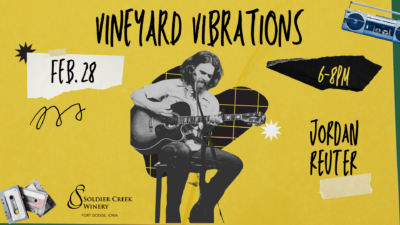 Promotional graphic for 'Vineyard Vibrations' at Soldier Creek Winery on February 28 from 6–8 PM. The design features a yellow background with a collage-style layout, including cassette tapes, a boombox, and hand-drawn elements. A central image showcases a musician sitting on a stool and playing an acoustic guitar. The band is listed as 'Jordan Reuter.' The Soldier Creek Winery logo is displayed in the bottom left corner. Jordan plays folk americana music.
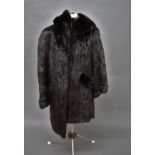 1960'S CANADIAN SQUIRREL FUR COAT a 3/4 length fur coat with pockets on each side and silk lined,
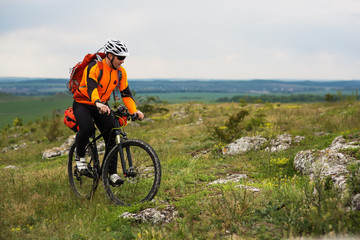 Fototapeta premium Young man is riding bicycle outside. Healthy Lifestyle.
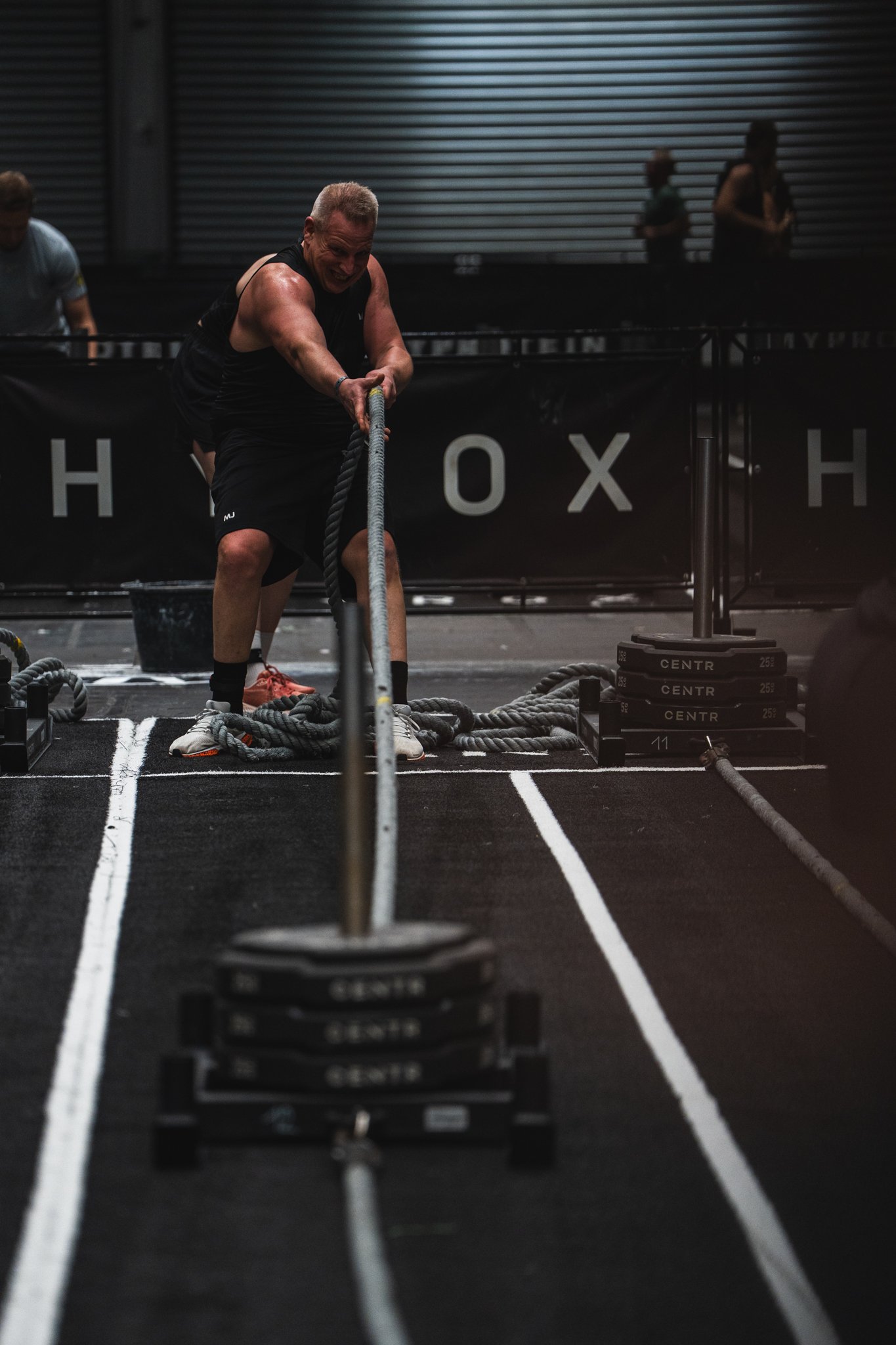 Man pulling sled during Hyrox event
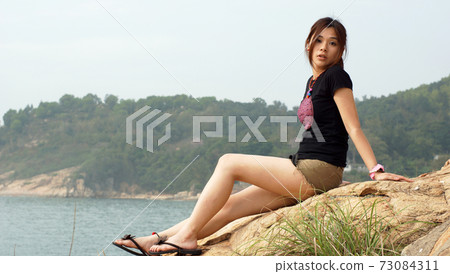 girl take a sun bathing 73084311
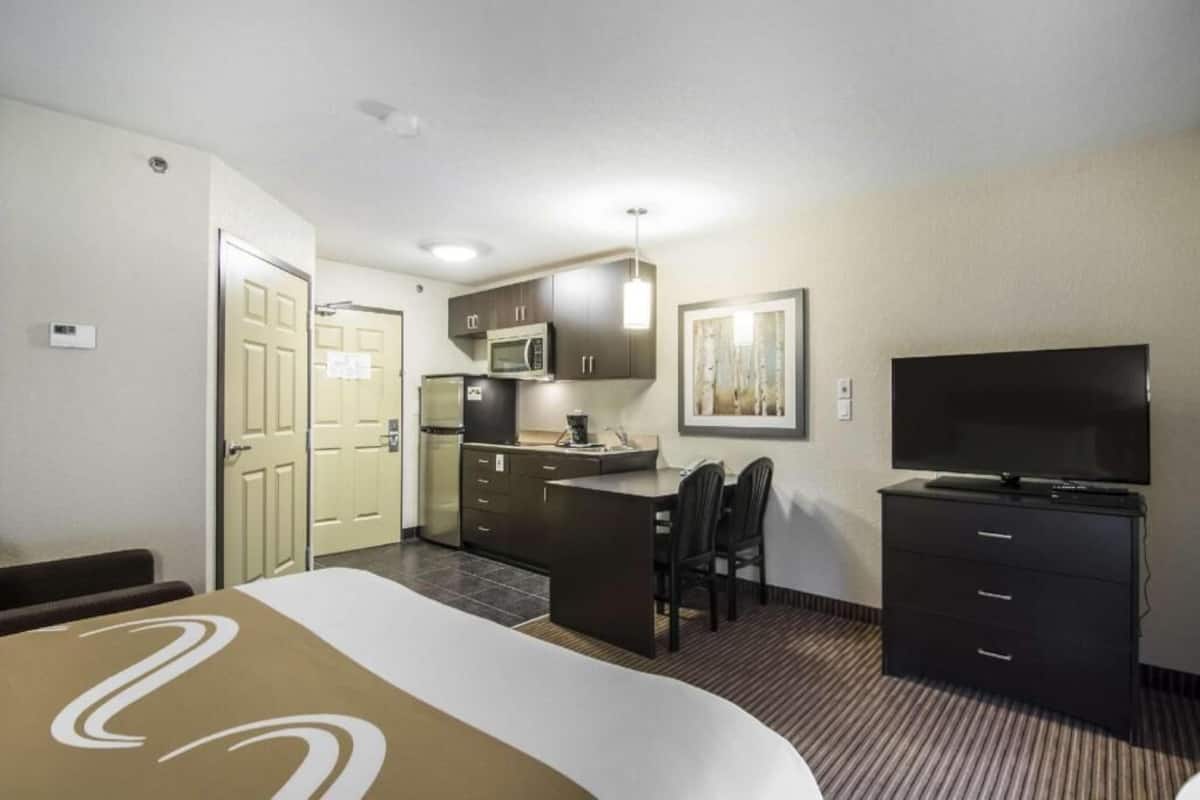 A hotel room with a bed, a desk with a chair, a television, a microwave, and a small kitchenette.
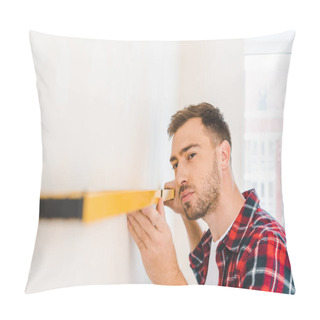 Personality  Handsome Handyman Holding Measuring Level While Measuring Wall At Home Pillow Covers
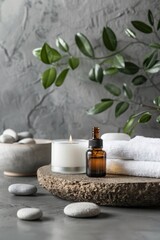 Tranquil Spa Scene: furnishing spa with towel, stones and oil on gray fuzzy background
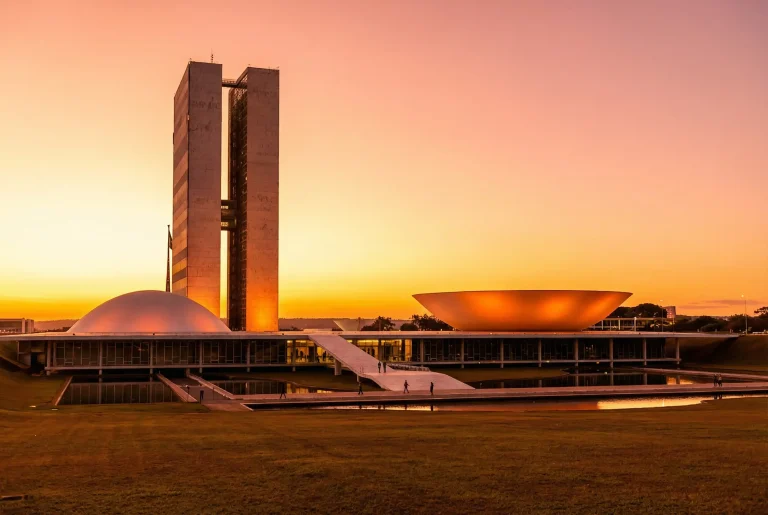 Congresso Nacional em Brasília ao entardecer com céu dourado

+ + + + +

The lines from the one that contains "Fototapeta premium Young" through the end of the data, repeated exactly and with no pictures, make up the whole answer.

 Fototapeta premium Young man is riding bicycle outside. Healthy Lifestyle.
 Man pulling sled during Hyrox event
 girl take a sun bathing 73084311
 A hotel room with a bed, a desk with a chair, a television, a microwave, and a small kitchenette.
 Personality  Handsome Handyman Holding Measuring Level While Measuring Wall At Home Pillow Covers
 Tranquil Spa Scene: furnishing spa with towel, stones and oil on gray fuzzy background
 Congresso Nacional em Brasília ao entardecer com céu dourado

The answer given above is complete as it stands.